BP has previously been forced to deny that the BTC pipeline carries Russian oil, and data seen by POLITICO for crude shipments from Ceyhan shows a recent dip in the volume of exports to the EU, from around 3 million tons per month (about 700,000 barrels per day) in early 2022 to around 2 million tons a month this year.
At the same time, though, Turkey doubled its direct imports of Russian oil last year and has refused to impose sanctions on Russian crude despite simultaneously offering military and humanitarian support to Ukraine.
Finland’s Centre for Research on Energy and Clean Air (CREA) warned late last year that “a new route for Russian oil to the EU is emerging through Turkey, a growing destination for Russian crude oil,” where it is refined into oil products that are not subject to sanctions and sold on.
“We have enough evidence that some international companies are buying refinery products made from Russian oil and selling them on to Europe,” said Ustenko, the Zelenskyy adviser. “It’s completely legal, but completely immoral. Just because it’s allowed doesn’t mean we don’t need to do anything about it.”

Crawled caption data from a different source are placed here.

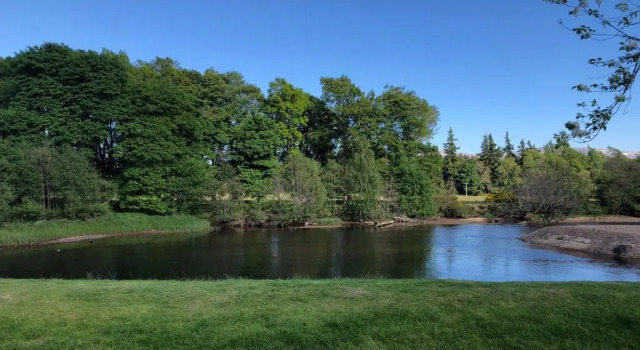 81 The Heathers, Aviemore Holiday Park , Dalfaber rd Aviemore PH22 1PX
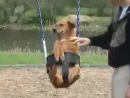 Doggy Takes a Swing Ride Animal Videos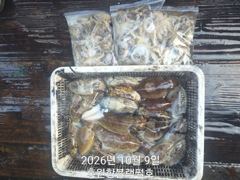 홍원항 쭈갑(주꾸미&갑오징어) 10월 9일(금) [[[ 블랙펄호 ]] 초보 조사님이 많은 하루였지만 다들 즐거운 시간 보내고 [[ 주꾸미와 갑오징어]]도 넉넉하게 챙겨 입항합니다.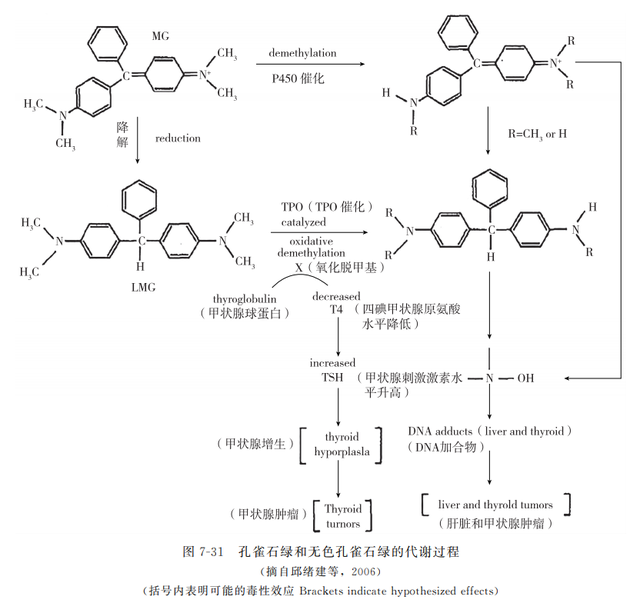 动物源性食品中有害化学物质及污染物的检测———孔雀石绿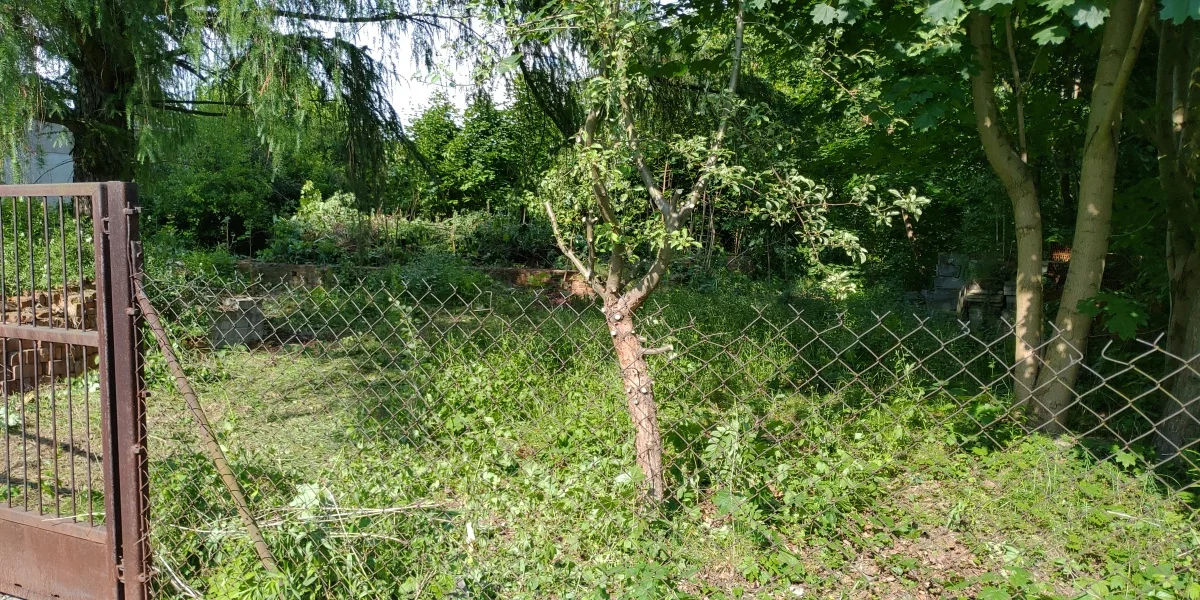 833585 - zdjęcie nr 0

On Monday, British NGO Global Witness released a report that found Russian pipeline oil, which is not subject to an outright embargo, has consistently been sold at prices far exceeding the $60 cap imposed by G7 countries in December last year.
“The fact Russian oil continues to flow round the world is a feature, not a bug, of Western sanctions,” said Mai Rosner, a campaigner who worked on the report. “Governments offered the fossil fuel industry a wide-open back door, and commodity traders and big oil companies are exploiting these loopholes to continue business as usual.”